We aim to implement and investigate tradeoffs in synchronization, communication patterns, and scalability for the sequential, PII, and PII-SC algorithms.

The Challenge

Parallelizing the Gale-Shapley algorithm presents several non-trivial challenges:

Dependency chains

The standard Gale-Shapley algorithm is conducted in rounds, where each unmatched proposer submits a proposal and decisions are made based on previous matchings. This introduces a strong sequential dependency: the outcome of one round affects the next, so naively parallelizing proposal rounds can lead to race conditions or incorrect behavior. Preserving the invariant that every step produces a stable intermediate state requires careful coordination or rethinking of how to “batch” proposals without violating correctness.

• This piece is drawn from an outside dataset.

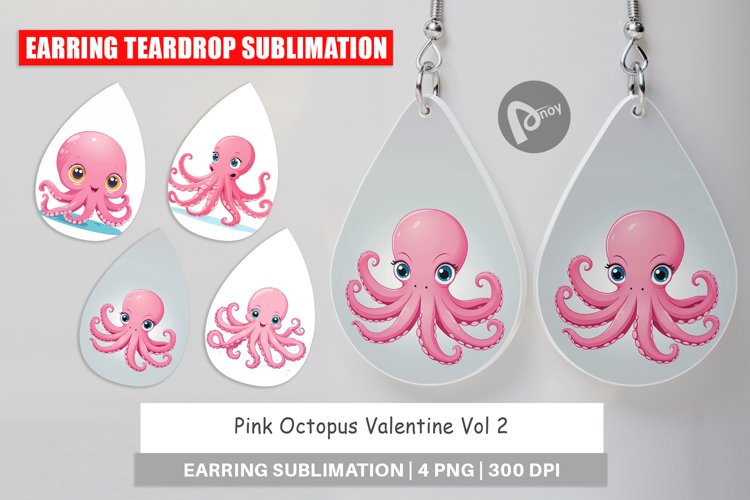 Sublimation Earring Designs Image 2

Processor Scalability and Resource Constraints

The Parallel Iterative Improvement (PII) variant of Gale-Shapley achieves good runtime by assuming the availability of O(n²) processors. However, this is impractical for most real-world systems, where the number of available CPU threads or GPU cores is much smaller. Adapting these highly parallel algorithms to real hardware requires either reducing the number of concurrent threads or finding a method to map logical threads to physical cores while maintaining performance.

Synchronization and Communication Overhead

Multiple threads proposing, accepting, and rejecting partners concurrently can lead to contention over shared data structures like preference lists, proposal queues, and matchings. Making sure that these updates occur atomically and in a consistent order adds overhead, especially in shared-memory environments. Synchronization mechanisms (e.g., locks, barriers, or atomic operations) may become bottlenecks, negating the potential speedup from parallelism.

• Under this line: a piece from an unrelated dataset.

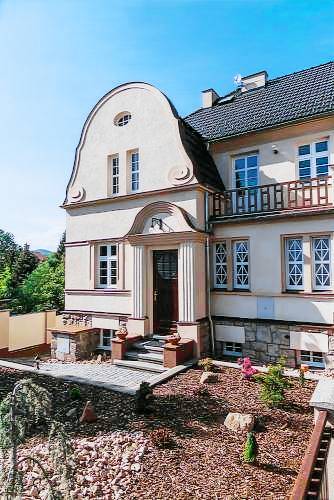Penzion  Děčín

Correctness vs. Performance Tradeoff

Achieving performance through parallelism must not produce unstable or inconsistent matchings (if the algorithm converges). Avoiding processor conflicts, such as two proposers simultaneously targeting the same acceptor, also requires coordination between processors. Designing algorithms that are both fast and provably correct under parallel execution is non-trivial, especially as the system scales.

Memory Access Patterns and Data Locality

Accessing and updating preference lists frequently can cause cache inefficiencies, particularly if the data is scattered across memory. Poor memory locality can potentially negatively impact performance on both CPUs and GPUs. Structuring memory layouts to favor spatial locality and minimizing false sharing are crucial for high-throughput parallel execution.

We will explore ways to mitigate these challenges, including batching proposals, using fine-grained locks or atomic operations, and experimenting with memory layouts that would be good for data locality. We will also assess whether shared-memory multicore systems or massively parallel GPUs (e.g., via CUDA) are better suited for different parts of the workload.

Resources

We will base our parallel implementation on the PII and PII-SC algorithms, as described in White & Lu, An Improved Parallel Iterative Algorithm for Stable Matching, SC13 Poster (link).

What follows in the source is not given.